━━ Excerpted records ━━

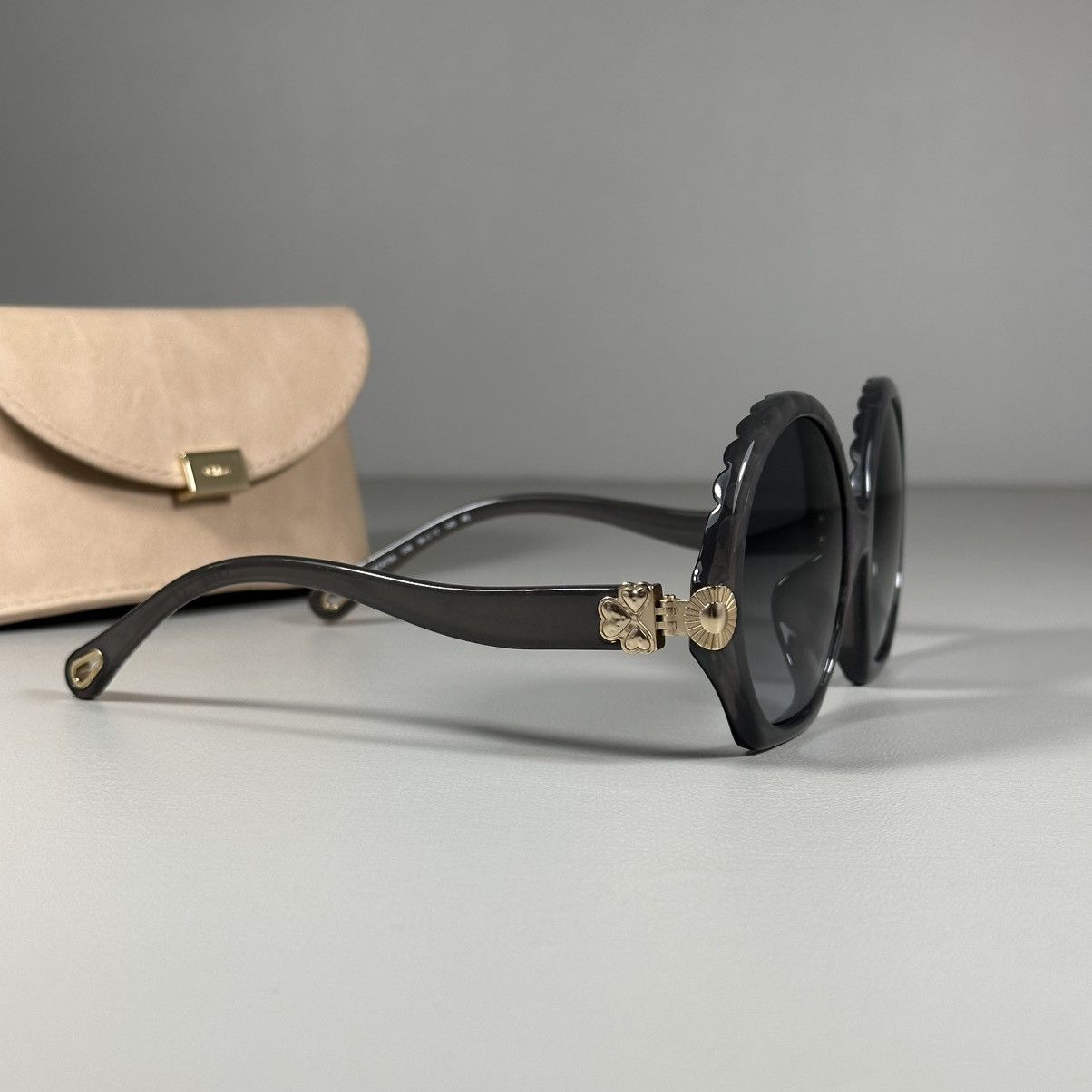 Chloe Chloe CE747SA 036 Round-Oval Dark Grey Sunglasses Size ONE SIZE - 4 Thumbnail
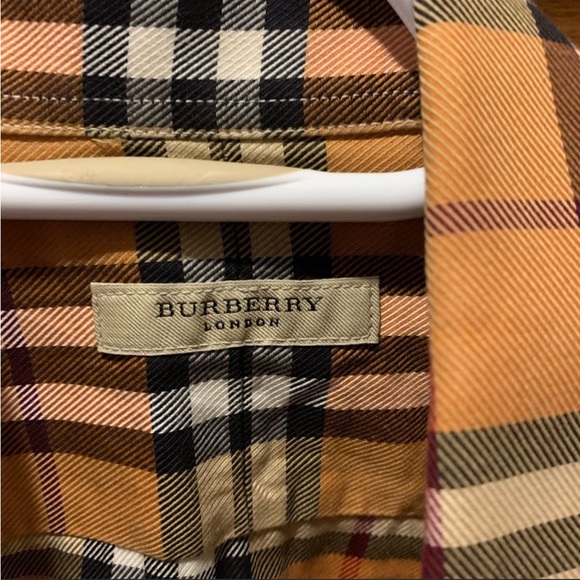 ‼️SOLD‼️Authentic Burberry shirt - Picture 4 of 4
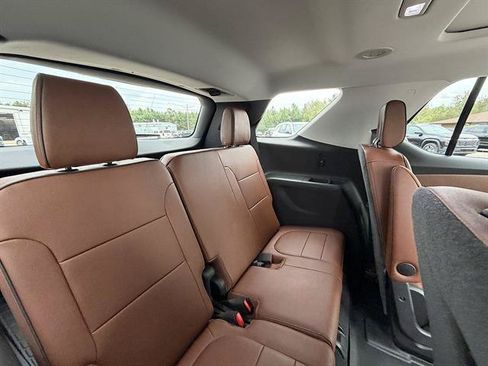 Used 2018 Chevrolet Traverse High Country AWD/4WD image 27
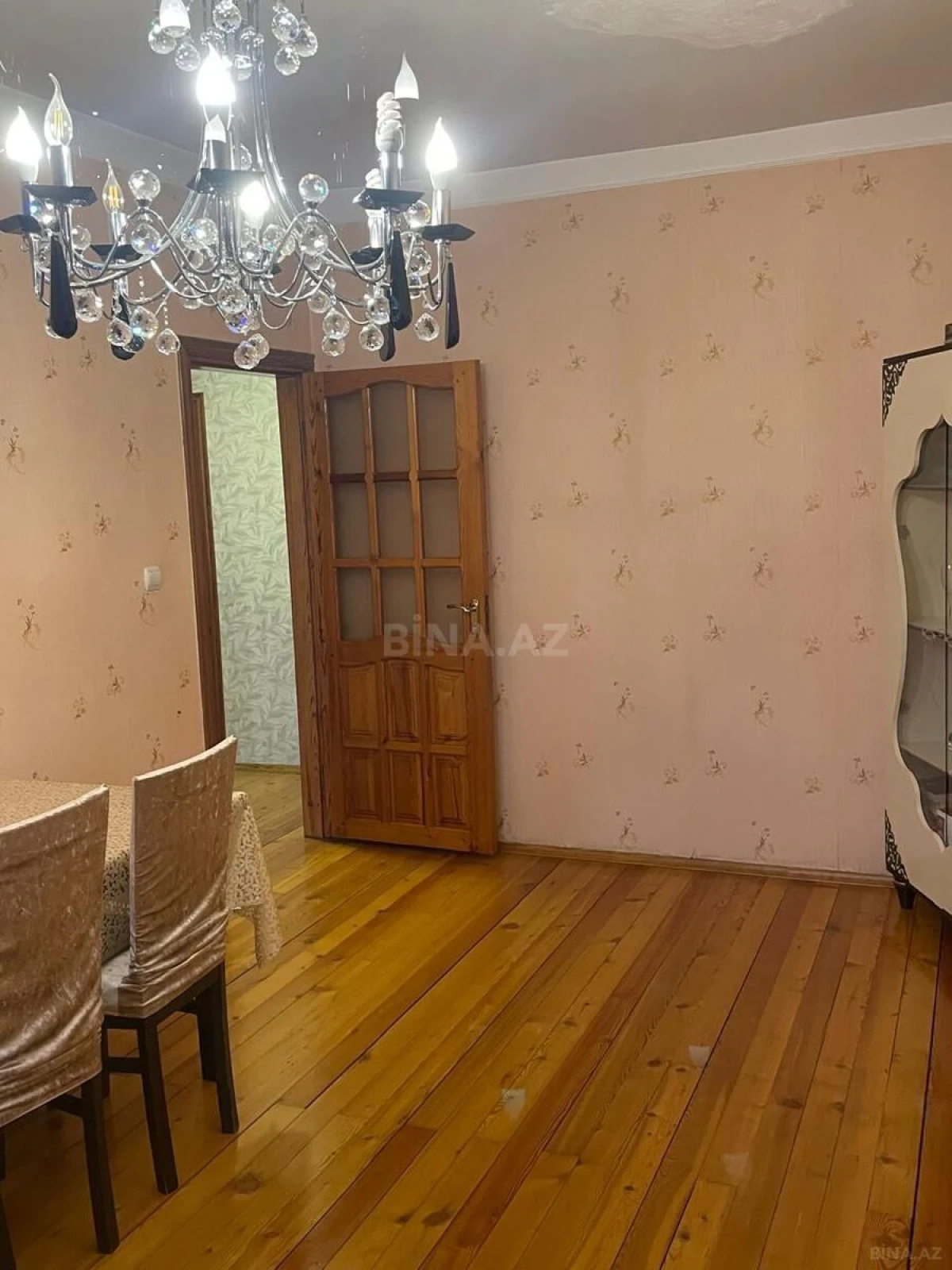 Satılır 4 otaqlı mənzil 110 m²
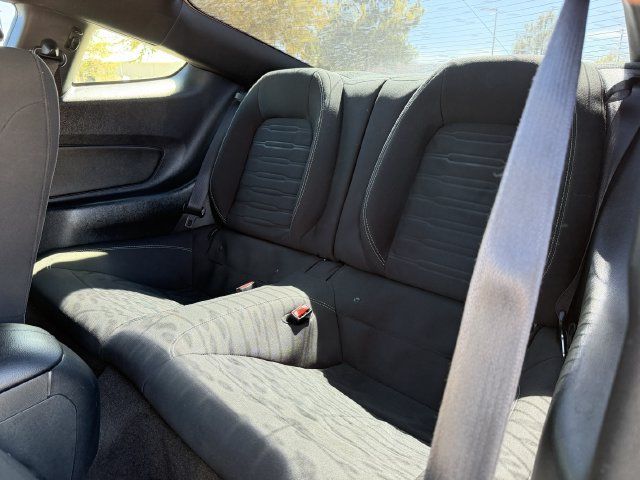 Used 2015 Ford Mustang Coupe RWD image 24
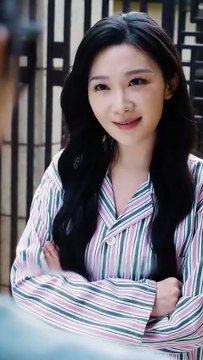 Poor Girl Forced to Marry Disabled CEO for Sister, Not Knowing He Was Faking_Madly in Love With Her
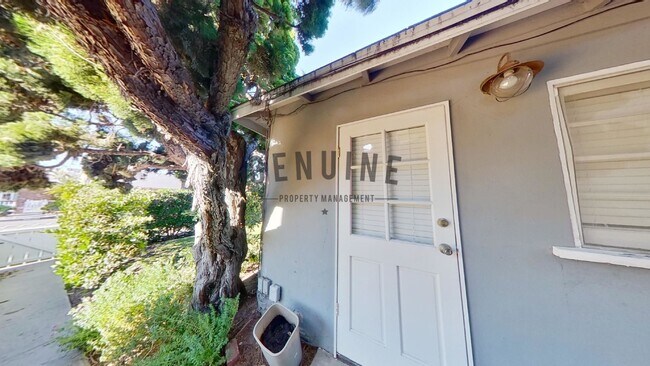Building Photo - 610 Marguerite Avenue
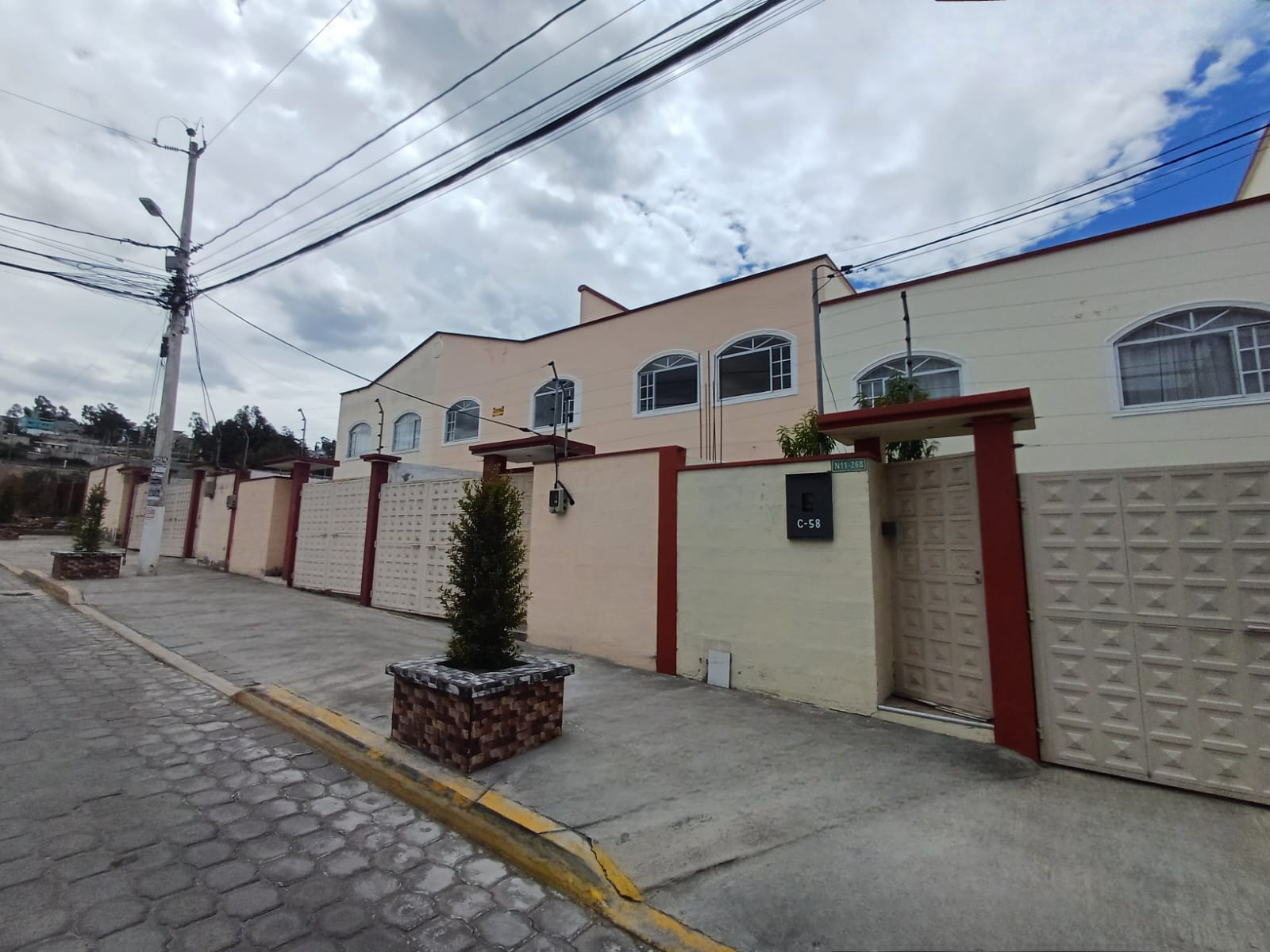¡De Oportunidad! Hermosa  Casa de 157 m2, en Venta, de 2 dormitorios (con Acabados de Primera por estrenar), en Marianitas, Calderón.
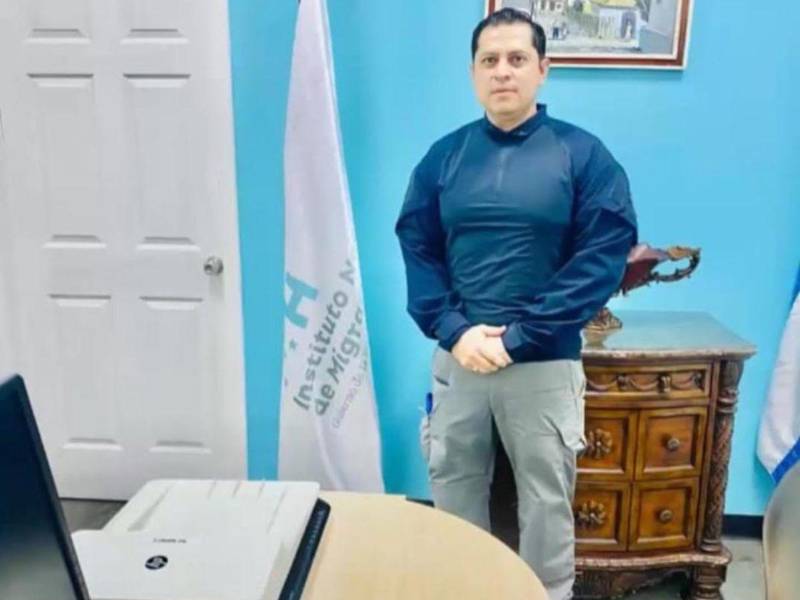 Hoy el abogado y psicólogo Quiroz vuelve a dar de qué hablar con el nuevo nombramiento como delegado de migración, cargo que ya asumió.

━━━

What to do. Would you mind returning each entry above word for word, skipping the images?

Answer box.
 Chloe Chloe CE747SA 036 Round-Oval Dark Grey Sunglasses Size ONE SIZE - 4 Thumbnail
 ‼️SOLD‼️Authentic Burberry shirt - Picture 4 of 4
 Used 2018 Chevrolet Traverse High Country AWD/4WD image 27
 Satılır 4 otaqlı mənzil 110 m²
 Used 2015 Ford Mustang Coupe RWD image 24
 Poor Girl Forced to Marry Disabled CEO for Sister, Not Knowing He Was Faking_Madly in Love With Her
Building Photo - 610 Marguerite Avenue
¡De Oportunidad! Hermosa  Casa de 157 m2, en Venta, de 2 dormitorios (con Acabados de Primera por estrenar), en Marianitas, Calderón.
 Hoy el abogado y psicólogo Quiroz vuelve a dar de qué hablar con el nuevo nombramiento como delegado de migración, cargo que ya asumió.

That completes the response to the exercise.